Start of Information shown

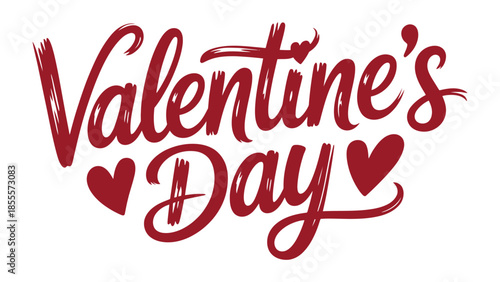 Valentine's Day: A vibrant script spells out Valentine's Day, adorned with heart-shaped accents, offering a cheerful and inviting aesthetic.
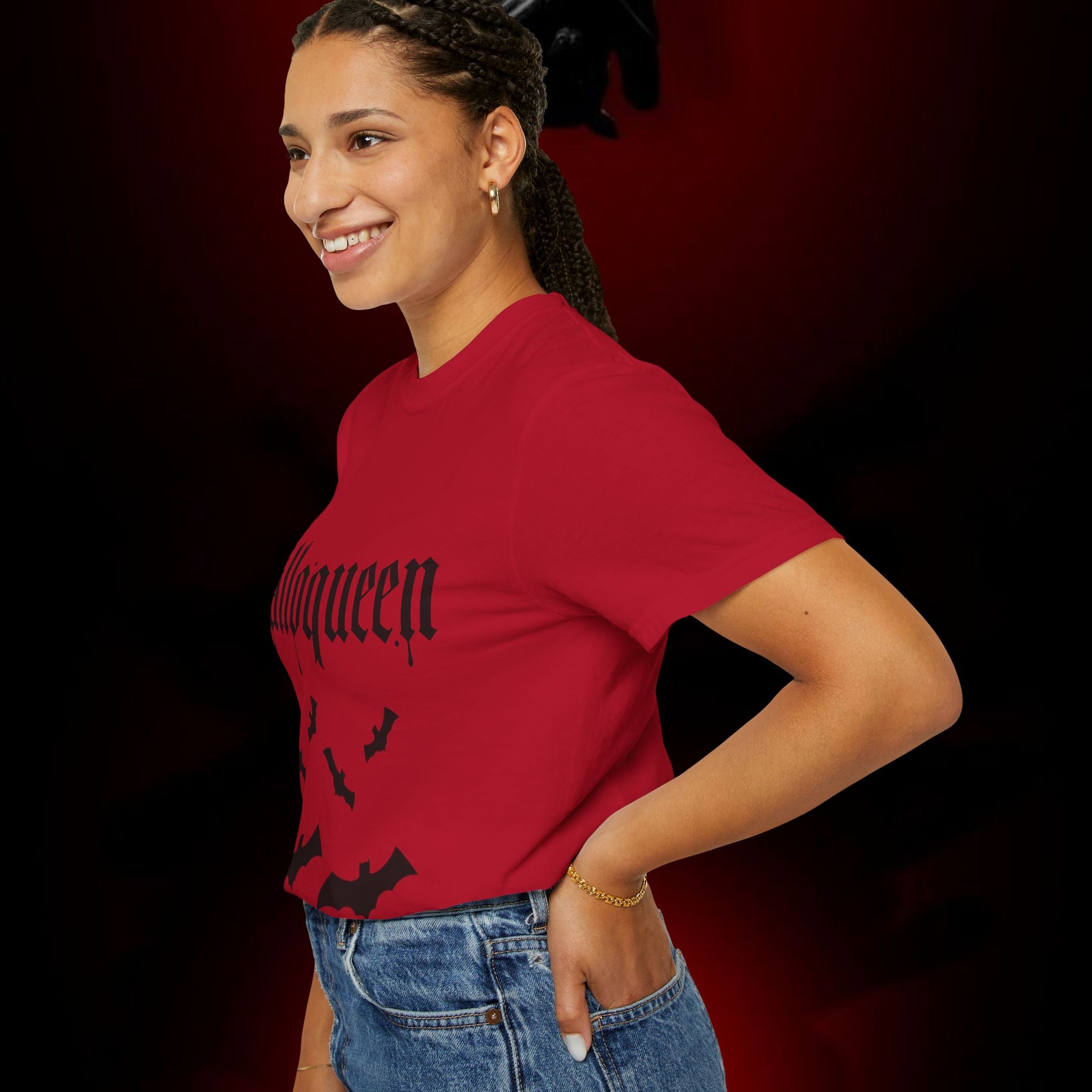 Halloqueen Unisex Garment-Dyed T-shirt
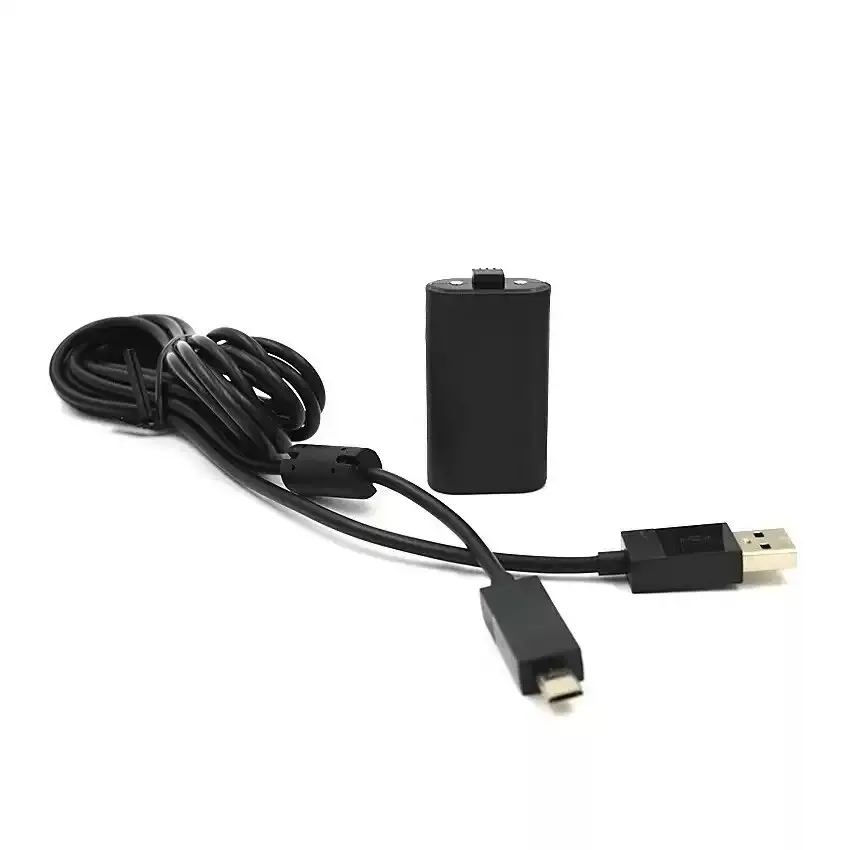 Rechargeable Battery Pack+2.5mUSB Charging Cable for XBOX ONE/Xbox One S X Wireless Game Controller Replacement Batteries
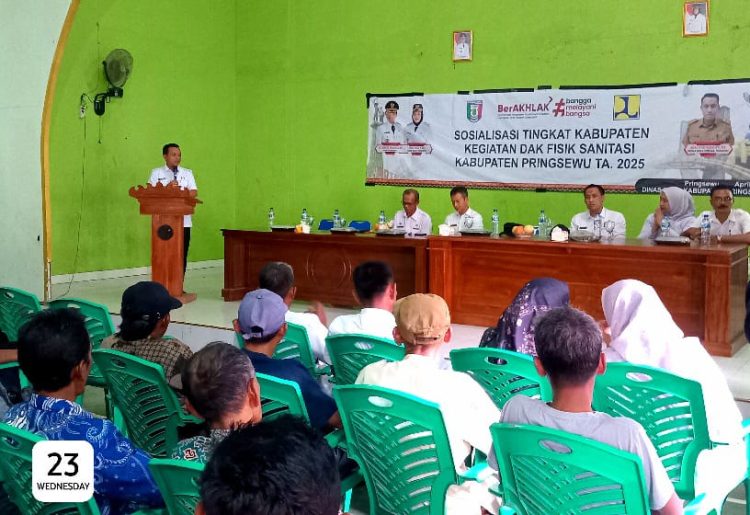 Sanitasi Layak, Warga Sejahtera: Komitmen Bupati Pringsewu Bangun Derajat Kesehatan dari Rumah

End of Information shown

• [Exercise directions] Without the pictures, give every line of the data again, exactly as written.

• [Solution to this task]
 Valentine's Day: A vibrant script spells out Valentine's Day, adorned with heart-shaped accents, offering a cheerful and inviting aesthetic.
 Halloqueen Unisex Garment-Dyed T-shirt
 Rechargeable Battery Pack+2.5mUSB Charging Cable for XBOX ONE/Xbox One S X Wireless Game Controller Replacement Batteries
 Sanitasi Layak, Warga Sejahtera: Komitmen Bupati Pringsewu Bangun Derajat Kesehatan dari Rumah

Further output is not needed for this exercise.